Sounds promising Cat, fingers crossed then!! :2thumb:


----------



## LoveForLizards (Apr 20, 2008)

xXFooFooLaFluffXx said:


> thanks guys
> 
> just to let you know, i dont think she has left them and its lookin good i just posted this thread to be totally prepared n gain from other peoples experiences. i peeked in on them this morning and they are all still there, i will check when i get home to see if they have ping pong bellies :lol2:


Sounds good and you definitely wont be able to miss they're bellies!


----------



## xXFooFooLaFluffXx (Aug 4, 2007)

LoveForLizards said:


> Sounds good and you definitely wont be able to miss they're bellies!

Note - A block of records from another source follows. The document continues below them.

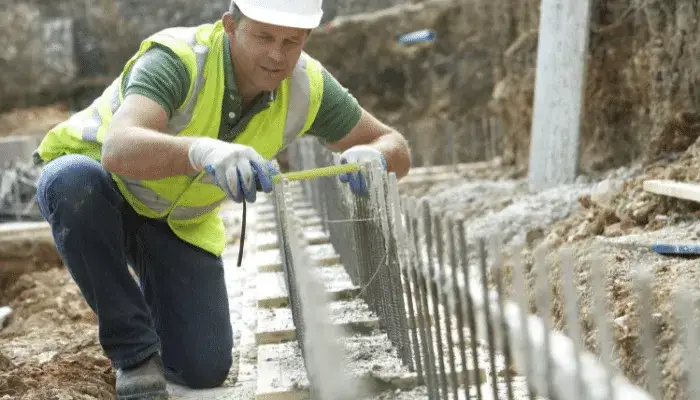 Jaki beton na fundament ogrodzenia? Wybierz najlepszy dla trwałości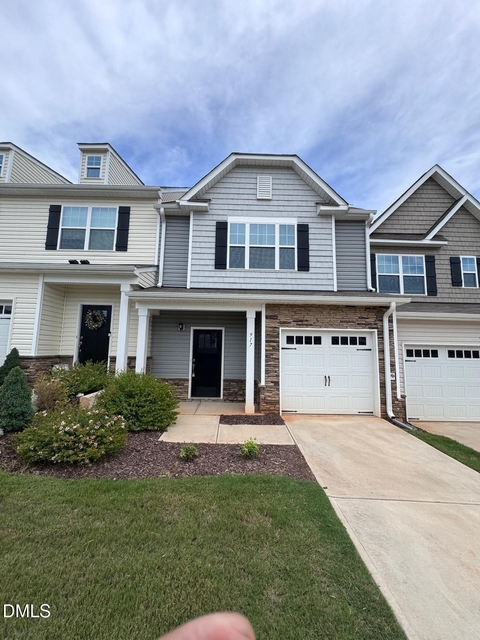 917 Hillman Lane - Photo 1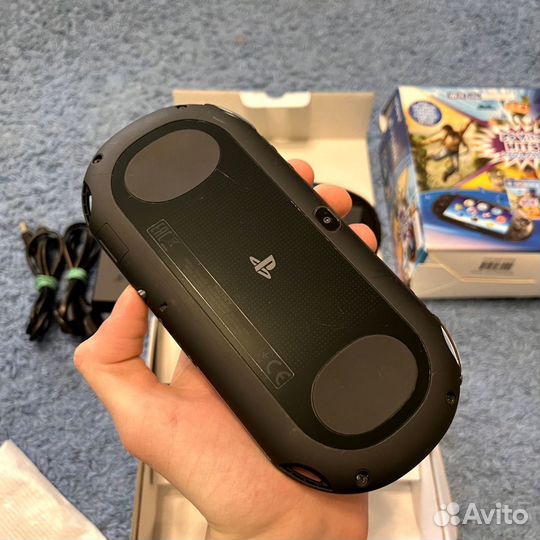 Sony Playstation Vita Slim 2000 Как новая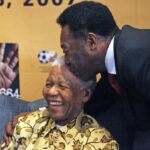 Pelé Instagram – Nesta semana, o mundo completou 10 anos sem Nelson Mandela. A Pelé Foundation expressa seu amor e gratidão pela existência de um ser humano tão impactante na vida de tantas pessoas. Desejamos que seus ensinamentos, sua integridade e trajetória sejam lembrados pelas futuras gerações. Em toda a sua vida, Rei Pelé foi um grande admirador e amigo de “Madiba”. Nossos ídolos não ficam vivos para sempre, mas seus legados permanecem. Preservar essas memórias é um dever de cada um de nós.
.
This week, the world completed 10 years without Nelson Mandela. The Pelé Foundation expresses its love and gratitude for the existence of a human being so impactful in the lives of so many people. We hope that his teachings, his integrity and trajectory are remembered by future generations. Throughout his life, King Pelé was a great admirer and friend of “Madiba”. Our idols don’t stay alive forever, but their legacies remain. Preserving these memories is the duty of each of us.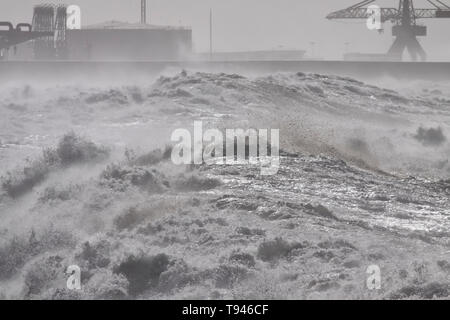 Porto di Leixoes, il nord del Portogallo, sotto la forte tempesta Foto Stock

they were a bit saggy n wrinkled this mornin but they were also covered in hey which was obscurin my view of them, pus its only been like 8 hours since they were born


----------



## Shell195 (May 31, 2007)

Fingers crossed for you Cat


----------



## taraliz (Aug 10, 2008)

I have hand reared rabbits, puppies, guinea pigs, rats and 1 hamster ... all made it apart from 1 rabbit hich was the runtof the litter.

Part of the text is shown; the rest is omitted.